Tonight at work, I was thinking about why I don't do the things I say I'm going to do or I think I should do. And generally, it because I fall into one of the reasons that you mentioned. The last one I find particularly insidious.

Do you think these go in stages? Like does 3 lead to 4?
I'm glad the post was helpful to you.

I didn't number them because they are a sequence. They are really bullet points. I think they feed each other but I don't see a hard and fast progression.

My biggest problem historically has been #4 also. I don't know if it was best for me to say it was related to #3. It's not causally related, at least not strongly; it's just that both involve ignoring negative information to sustain an illusion. The difference is the illusion. For #3 it's the illusion that suffering is desirable and necessary as opposed to simply being the consequences of beliefs that are untrue or ill-suited to you. For #4 it's the insistence that things must be or go a certain way -- basically, adhering to a bogus cause and effect chain.

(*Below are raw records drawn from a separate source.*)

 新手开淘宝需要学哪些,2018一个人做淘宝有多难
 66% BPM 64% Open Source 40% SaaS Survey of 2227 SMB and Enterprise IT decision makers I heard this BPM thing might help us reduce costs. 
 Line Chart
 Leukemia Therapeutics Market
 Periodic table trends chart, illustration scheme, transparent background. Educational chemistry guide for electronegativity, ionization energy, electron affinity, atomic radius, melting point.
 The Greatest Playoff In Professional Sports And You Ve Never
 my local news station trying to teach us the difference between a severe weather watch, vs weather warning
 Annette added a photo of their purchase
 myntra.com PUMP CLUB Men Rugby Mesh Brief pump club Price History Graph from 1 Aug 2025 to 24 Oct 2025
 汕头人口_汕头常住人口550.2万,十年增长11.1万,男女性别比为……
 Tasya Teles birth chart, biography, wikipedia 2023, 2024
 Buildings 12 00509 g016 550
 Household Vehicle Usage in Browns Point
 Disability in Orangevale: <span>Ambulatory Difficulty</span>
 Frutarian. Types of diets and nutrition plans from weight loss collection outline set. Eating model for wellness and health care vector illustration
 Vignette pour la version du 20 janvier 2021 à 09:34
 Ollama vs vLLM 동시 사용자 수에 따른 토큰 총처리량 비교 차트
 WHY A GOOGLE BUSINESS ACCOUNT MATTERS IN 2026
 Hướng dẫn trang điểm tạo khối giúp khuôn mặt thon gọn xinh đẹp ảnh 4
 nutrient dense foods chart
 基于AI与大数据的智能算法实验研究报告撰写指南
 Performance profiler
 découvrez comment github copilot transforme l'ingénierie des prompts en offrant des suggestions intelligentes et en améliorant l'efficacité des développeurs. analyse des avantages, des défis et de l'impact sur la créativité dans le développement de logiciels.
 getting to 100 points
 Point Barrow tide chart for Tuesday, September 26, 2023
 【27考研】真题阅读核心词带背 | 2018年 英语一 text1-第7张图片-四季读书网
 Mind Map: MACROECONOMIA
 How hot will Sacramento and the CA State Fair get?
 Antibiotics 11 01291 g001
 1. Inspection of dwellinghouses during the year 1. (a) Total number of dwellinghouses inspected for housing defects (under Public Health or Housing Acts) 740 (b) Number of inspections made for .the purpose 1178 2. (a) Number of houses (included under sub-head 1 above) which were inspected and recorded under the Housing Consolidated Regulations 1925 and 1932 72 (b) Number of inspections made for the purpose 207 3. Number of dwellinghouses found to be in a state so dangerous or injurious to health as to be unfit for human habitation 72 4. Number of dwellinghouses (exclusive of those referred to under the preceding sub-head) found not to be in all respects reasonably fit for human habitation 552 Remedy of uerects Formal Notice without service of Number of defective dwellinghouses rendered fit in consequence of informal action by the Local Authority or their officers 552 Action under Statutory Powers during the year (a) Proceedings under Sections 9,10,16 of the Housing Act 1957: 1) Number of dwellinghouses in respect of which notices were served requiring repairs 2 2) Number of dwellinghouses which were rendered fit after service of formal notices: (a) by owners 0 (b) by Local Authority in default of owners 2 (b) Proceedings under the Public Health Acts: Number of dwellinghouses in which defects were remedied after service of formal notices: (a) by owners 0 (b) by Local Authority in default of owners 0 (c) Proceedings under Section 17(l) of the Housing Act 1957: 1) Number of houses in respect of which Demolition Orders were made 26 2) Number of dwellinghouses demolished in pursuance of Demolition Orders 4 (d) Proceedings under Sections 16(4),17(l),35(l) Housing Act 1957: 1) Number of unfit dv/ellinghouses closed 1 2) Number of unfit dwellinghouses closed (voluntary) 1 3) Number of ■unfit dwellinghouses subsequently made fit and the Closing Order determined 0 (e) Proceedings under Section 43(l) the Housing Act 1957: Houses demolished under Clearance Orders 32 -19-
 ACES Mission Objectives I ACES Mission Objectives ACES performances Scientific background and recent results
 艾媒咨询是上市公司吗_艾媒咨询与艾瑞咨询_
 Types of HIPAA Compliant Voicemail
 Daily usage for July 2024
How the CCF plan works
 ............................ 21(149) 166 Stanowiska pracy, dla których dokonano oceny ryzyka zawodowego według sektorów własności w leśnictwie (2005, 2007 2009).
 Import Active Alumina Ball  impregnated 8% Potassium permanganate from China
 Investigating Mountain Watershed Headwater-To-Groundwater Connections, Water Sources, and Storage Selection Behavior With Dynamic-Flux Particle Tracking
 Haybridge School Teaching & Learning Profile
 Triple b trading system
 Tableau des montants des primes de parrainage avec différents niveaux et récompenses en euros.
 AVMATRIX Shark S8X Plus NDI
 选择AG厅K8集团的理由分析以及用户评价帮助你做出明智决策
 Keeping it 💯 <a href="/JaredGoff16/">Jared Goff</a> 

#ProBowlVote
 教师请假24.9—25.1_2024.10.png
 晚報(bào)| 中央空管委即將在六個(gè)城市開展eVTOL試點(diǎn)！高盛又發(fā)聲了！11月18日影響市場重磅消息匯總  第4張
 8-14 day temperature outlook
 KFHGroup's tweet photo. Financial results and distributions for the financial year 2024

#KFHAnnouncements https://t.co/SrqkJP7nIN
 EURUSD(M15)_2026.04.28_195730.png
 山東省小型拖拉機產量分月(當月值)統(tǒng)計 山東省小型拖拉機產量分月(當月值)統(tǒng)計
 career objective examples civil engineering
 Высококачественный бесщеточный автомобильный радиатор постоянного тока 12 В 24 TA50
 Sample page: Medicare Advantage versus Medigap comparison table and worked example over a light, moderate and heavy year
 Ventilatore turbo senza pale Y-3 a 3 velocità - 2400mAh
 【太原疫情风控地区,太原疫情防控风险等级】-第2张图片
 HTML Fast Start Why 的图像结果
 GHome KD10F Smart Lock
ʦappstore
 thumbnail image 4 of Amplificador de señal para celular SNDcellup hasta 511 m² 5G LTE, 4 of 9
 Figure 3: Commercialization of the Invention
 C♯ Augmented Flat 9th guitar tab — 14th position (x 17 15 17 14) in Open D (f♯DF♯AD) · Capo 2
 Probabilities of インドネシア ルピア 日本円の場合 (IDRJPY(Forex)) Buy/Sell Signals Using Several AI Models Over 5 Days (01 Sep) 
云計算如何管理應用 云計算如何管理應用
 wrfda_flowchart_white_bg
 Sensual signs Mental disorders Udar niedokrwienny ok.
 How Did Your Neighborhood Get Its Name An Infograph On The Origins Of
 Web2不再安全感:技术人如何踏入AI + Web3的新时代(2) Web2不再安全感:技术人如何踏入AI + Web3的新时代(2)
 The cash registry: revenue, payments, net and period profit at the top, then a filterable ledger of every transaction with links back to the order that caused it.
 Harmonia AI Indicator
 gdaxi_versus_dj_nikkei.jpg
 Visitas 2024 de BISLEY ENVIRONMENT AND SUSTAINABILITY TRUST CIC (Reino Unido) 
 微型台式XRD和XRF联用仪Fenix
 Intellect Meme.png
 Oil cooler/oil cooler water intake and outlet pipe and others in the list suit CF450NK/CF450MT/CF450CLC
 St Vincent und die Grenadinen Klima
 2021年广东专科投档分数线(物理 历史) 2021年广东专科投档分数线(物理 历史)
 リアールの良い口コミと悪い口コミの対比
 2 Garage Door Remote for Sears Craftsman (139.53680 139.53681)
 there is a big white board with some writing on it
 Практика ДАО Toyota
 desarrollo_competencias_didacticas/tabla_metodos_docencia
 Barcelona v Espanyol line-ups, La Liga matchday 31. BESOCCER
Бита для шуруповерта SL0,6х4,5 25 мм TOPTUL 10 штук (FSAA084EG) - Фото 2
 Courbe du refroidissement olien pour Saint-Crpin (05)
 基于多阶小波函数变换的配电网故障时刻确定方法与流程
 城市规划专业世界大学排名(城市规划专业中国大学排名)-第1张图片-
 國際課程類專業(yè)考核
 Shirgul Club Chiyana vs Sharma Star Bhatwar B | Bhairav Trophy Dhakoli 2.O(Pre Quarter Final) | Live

The problem with letting go of your pet cause and effect beliefs is that it usually involves the death of a dream or assumption that you're terribly fond of -- to the point where you actually have to do some grief processing because letting go of the dream is a huge short-term loss. As an example, having been raised in "fundie" Christianity, one of my false expectations was that my faith was the correct answer to all of life's challenges and problems and therefore since I had this knowledge, things would basically go well for me. This caused me to reject the painful lessons life was trying to teach me, dooming me to repeat them over and over. But to stop doing that I had to let go of the certitude and security provided by my faith -- and let's be honest, I had to let go of the ego gratification of knowing it all. Smug little bastard that I was, I did not want to be taken down a few pegs!